Historians can and I think should seek to describe people and their values and beliefs as they existed in their own time - they can then draw out ways in which we need to progress - to do better.

We didn't need lies perpetrated by people like Reynolds to inspire a sense of responsibility to change what was bad for Aboriginal people. Just the facts would have sufficed - like the restrictions on movement; the ways in which labour was exploited, the well meaning actions and dreadful consequences of those actions.

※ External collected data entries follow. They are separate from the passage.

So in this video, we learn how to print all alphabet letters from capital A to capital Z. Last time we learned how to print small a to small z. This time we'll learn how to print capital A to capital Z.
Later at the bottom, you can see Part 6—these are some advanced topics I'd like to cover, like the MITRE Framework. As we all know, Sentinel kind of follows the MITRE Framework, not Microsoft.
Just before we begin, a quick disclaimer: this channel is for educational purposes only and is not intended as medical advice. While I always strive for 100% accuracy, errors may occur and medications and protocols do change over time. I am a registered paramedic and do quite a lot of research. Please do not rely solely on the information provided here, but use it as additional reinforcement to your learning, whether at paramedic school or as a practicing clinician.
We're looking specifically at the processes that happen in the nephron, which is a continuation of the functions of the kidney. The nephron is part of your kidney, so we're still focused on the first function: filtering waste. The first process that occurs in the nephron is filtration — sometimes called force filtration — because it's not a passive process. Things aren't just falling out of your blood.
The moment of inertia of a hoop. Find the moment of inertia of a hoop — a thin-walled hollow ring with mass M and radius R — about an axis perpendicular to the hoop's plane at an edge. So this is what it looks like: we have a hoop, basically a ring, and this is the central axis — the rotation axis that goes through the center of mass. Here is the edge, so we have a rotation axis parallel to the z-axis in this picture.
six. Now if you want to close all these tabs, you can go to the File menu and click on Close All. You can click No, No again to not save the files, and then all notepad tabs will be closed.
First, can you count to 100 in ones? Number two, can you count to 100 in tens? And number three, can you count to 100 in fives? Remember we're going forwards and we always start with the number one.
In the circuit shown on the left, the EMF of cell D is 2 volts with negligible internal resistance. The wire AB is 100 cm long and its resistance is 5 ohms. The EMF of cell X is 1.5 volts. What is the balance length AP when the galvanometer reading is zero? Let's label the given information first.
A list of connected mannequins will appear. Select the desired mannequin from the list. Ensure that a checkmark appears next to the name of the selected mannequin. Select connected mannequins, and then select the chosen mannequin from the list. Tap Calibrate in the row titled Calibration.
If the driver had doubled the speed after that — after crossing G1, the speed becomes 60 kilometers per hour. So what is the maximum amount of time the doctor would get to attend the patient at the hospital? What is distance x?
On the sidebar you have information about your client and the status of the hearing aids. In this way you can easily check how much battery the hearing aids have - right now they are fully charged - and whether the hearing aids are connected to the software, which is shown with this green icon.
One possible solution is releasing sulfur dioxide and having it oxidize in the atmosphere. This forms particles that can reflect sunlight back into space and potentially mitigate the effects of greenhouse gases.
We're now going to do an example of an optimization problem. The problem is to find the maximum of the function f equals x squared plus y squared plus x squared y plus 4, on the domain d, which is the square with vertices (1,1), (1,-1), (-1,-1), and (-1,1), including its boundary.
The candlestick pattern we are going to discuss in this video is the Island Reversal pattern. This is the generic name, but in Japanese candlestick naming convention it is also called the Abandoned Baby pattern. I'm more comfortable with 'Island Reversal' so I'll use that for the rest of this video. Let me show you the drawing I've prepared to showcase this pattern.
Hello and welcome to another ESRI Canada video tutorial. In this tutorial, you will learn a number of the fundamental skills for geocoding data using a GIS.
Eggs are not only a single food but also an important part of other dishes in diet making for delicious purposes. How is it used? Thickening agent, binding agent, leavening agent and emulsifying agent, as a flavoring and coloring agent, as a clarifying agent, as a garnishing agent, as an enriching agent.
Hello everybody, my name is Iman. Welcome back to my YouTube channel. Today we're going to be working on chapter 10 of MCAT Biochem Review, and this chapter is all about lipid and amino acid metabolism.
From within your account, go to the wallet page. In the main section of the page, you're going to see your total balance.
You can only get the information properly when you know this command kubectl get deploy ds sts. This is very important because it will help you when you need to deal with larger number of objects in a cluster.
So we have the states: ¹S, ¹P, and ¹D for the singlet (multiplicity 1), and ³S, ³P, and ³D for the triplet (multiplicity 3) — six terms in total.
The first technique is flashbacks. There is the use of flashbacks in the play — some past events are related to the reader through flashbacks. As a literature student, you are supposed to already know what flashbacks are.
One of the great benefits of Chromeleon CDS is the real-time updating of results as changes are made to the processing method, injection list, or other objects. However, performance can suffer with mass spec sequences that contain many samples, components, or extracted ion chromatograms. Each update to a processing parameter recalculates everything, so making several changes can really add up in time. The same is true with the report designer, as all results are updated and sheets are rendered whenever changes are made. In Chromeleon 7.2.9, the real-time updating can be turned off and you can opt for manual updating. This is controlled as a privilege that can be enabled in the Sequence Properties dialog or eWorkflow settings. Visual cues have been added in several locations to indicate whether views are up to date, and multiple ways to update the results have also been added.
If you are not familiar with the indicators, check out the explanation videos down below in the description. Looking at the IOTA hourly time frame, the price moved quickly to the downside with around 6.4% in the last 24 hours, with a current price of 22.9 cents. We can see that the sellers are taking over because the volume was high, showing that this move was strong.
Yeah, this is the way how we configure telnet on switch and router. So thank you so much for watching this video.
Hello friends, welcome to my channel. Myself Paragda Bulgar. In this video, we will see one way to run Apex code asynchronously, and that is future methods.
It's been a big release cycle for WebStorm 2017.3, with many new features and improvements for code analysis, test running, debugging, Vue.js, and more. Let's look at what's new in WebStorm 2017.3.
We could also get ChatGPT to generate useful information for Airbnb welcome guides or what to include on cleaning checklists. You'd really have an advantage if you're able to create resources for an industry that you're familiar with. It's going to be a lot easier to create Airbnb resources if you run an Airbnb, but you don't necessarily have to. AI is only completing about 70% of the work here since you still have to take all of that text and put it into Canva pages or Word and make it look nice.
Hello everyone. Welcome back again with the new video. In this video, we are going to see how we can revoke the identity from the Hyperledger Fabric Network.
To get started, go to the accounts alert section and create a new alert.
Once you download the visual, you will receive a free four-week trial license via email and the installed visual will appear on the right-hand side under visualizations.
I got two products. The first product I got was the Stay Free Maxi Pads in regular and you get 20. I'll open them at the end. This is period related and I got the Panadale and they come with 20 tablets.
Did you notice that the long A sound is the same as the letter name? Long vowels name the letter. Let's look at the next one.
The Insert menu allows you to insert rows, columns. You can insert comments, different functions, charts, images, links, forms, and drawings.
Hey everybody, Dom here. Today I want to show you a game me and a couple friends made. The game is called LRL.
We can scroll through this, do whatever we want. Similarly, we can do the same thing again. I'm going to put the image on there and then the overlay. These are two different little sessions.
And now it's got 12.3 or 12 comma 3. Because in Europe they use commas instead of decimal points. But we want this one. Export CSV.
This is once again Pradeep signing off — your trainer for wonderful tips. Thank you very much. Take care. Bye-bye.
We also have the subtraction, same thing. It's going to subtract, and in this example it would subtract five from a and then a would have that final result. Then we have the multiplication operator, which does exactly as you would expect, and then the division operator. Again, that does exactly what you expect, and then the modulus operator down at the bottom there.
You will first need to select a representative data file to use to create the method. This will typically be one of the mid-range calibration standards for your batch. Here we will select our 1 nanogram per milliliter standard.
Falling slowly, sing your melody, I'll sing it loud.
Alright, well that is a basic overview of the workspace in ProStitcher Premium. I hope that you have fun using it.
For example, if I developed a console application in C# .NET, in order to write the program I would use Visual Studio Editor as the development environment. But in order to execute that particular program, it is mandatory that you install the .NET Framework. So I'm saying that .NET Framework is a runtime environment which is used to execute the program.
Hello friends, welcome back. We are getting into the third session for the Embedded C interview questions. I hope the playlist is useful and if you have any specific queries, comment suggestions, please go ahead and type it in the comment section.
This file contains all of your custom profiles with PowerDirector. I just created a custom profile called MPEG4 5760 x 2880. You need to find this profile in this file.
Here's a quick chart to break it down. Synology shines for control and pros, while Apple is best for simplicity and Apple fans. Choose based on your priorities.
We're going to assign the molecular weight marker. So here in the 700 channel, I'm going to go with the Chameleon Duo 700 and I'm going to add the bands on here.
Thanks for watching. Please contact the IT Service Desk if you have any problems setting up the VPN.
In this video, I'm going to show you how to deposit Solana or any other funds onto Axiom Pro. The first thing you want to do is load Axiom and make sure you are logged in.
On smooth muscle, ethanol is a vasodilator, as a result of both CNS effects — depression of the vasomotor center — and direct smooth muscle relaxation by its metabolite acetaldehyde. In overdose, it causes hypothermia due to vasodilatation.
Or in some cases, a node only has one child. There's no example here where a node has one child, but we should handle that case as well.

I am glad that Windschuttle had the courage to go through the available evidence and get the history right. He did much more than just agonize over a couple of footnotes; much as people want to diminish his efforts. I am glad because history writing isn't supposed to be a fairy tale written to bolster current politics; it's supposed to be a discipline with standards and integrity.

http://www.sydneyline.com/Manne%20reply%20Australian.htm

- and despite reading the MASSIVE corrections he has made; I am as committed to social justice for the effects of previous policy and actions as anyone can be. I think the Aboriginal people have suffered enough, then and now, without having misguided, undisciplined 'historians' manufacturing non-existent evils.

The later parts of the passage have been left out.